Seriously, does anyone know how credit unions work and how this could have happened? This happened Friday and they said they'd call me again about it on Monday so I'd like to have suggestions for them since they only seem to be able to say 'No we didnt receive it'.

Thanks


----------



## cleverclogs7 (25 Jul 2009)

Gosh,never had that happen before.Mine is taken from my account 24th of each month.never a problem.why dont you show them a copy of your bank statement.should look like this 24/7/09 BRAY C.U XXX.and tell them to take it up with your bank.its not your fault,error on the other side.


----------



## marfsmal (25 Jul 2009)

The woman in the credit union said 'I believe you', and I was just thinking why the hell would I be making it up!! ?   People just like to take the easy way out and say, no, it's not our fault, it must be the bank (the other person)! So I'll end up paying for bank statement, more calls to my bank, and then they'll probably look into it and say oh it's our fault after all. 

I have no problem with them liaising with my bank themselves to sort it out but do I need to be the go-between?

I'm also annoyed they didn't ring me when no payment went in- I never had any problems paying them and my loan will be paid off in a few months. They could have called me to confirm it.

I just think it's sloppy admin. The interest rate is 10% too on a 6k loan- to be honest I wouldn't borrow from with them again. The banks even offer lower rates.

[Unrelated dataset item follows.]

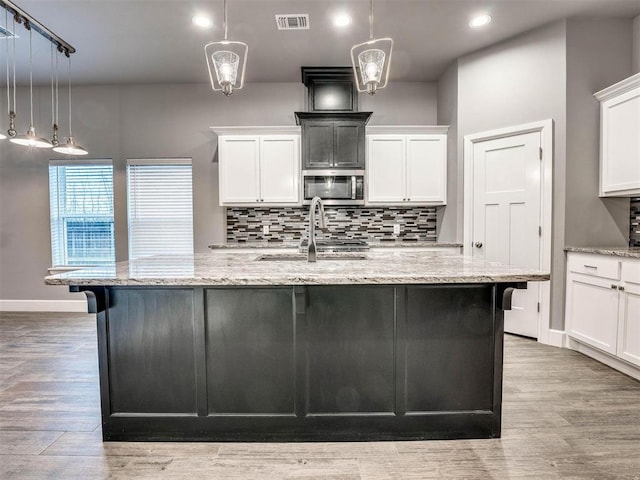 kitchen with light wood-type flooring, sink, decorative light fixtures, white cabinets, and a large island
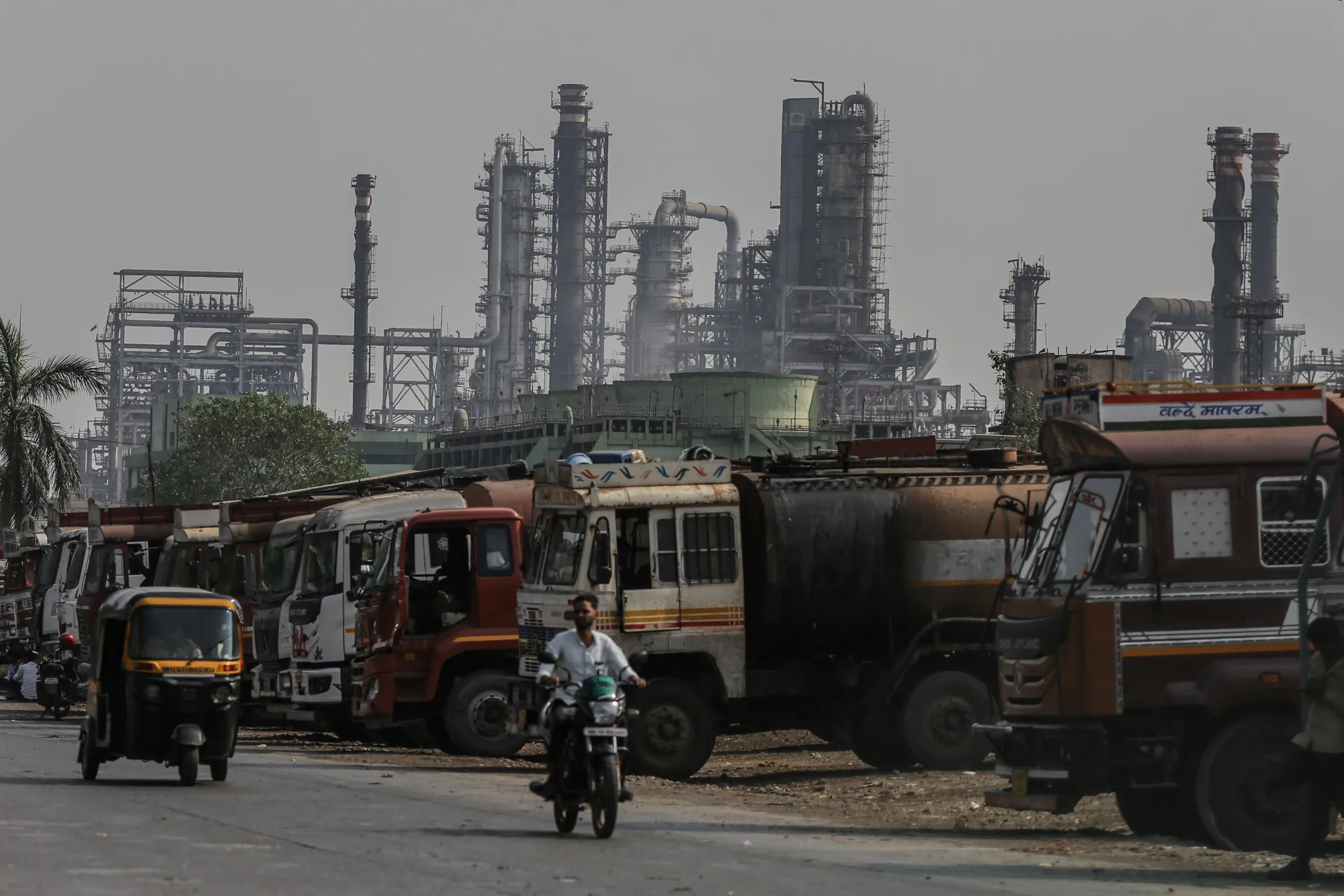 Oil tanker trucks outside an oil refinery in Mumbai, India.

Shouldn't credit unions be lowering interest rates for the community they 'serve'.


----------



## cleverclogs7 (25 Jul 2009)

Better you go to your bank monday,ask them to look up your ststement for may,tall him/her to print it off (wont cost anything)and hand it into the c.u  . then when the c.u see it in print,its up to them to fix the mess.


----------



## Ann1 (25 Jul 2009)

You might also ask your bank to check the credit union account details they have on record for the standing order. I know the direct debit has gone through successfully many times but something could have gone wrong in that area. Sounds as if the money is sitting in a suspense account somewhere due to routing details being incorrect maybe?


----------



## marfsmal (25 Jul 2009)

Thanks to both of you. Yep I'll call up my bank again and confirm that it was routed properly and get copy of bank statement. May need a letter from my branch as well. I'll go mad if it was credit union's fault though and their insistence the bank was at fault after 15 minutes of looking through their files.


----------



## Ann1 (25 Jul 2009)

Your bank will do a trace for you at your request but ask about the charges first. If the problem is at the credit unions end you will be charged by the bank.


----------



## marfsmal (26 Jul 2009)

I have a student's account.. I get a lot of these charges waived. Will check beforehand.

Do you know if the credit union normally will liaise with the bank in this scenario or is it up to me?

The reason I don't trust them at my credit union is that they had been routing my second small lodgement of 50 euro to my loan instead of to my shares savings even though I specified it was to be going into shares. It was just 50 euro. If I worked there I'd think now that's a bit odd, someone paying 400 off their loan each month and putting in another 50 by direct debit/s.o.

I normally don't get worked up about stuff but this is just sloppy. Why can some people not apply a little bit of thinking??!!


----------



## Sue Ellen (26 Jul 2009)

If you use internet banking copy the transactions over to Word and bring a copy of this to your credit union.  With AIB used to be able to print off a free copy of transactions on machine in branch.


----------



## Ann1 (26 Jul 2009)

Banks are forbidden under legislation to discuss your account with a third party.....even with the written permission of the account holder they are cautious or reluctant to do so. Your bank statement is a confirmation of transactions on your account only. Your statement cannot confirm that the funds being transferred have reached their destination. Your bank will do a trace for you. It might be an idea to put your requests in writing to both your bank and credit union. To be fair to the credit union they may not have received the funds. Sometimes these things happen and its usually human error. It can be as simple as a file being changed to manual while a maintenance is being done by IT and somebody forgetting to flag it back to auto. Don't worry your money is there somewhere.


----------



## marfsmal (27 Jul 2009)

Okay so today credit union rang me to say they had checked all May records for my reference number and that they payment definitely wasn;'t there. She asked me to check with my bank to see was I credited again with the payment!!!!!!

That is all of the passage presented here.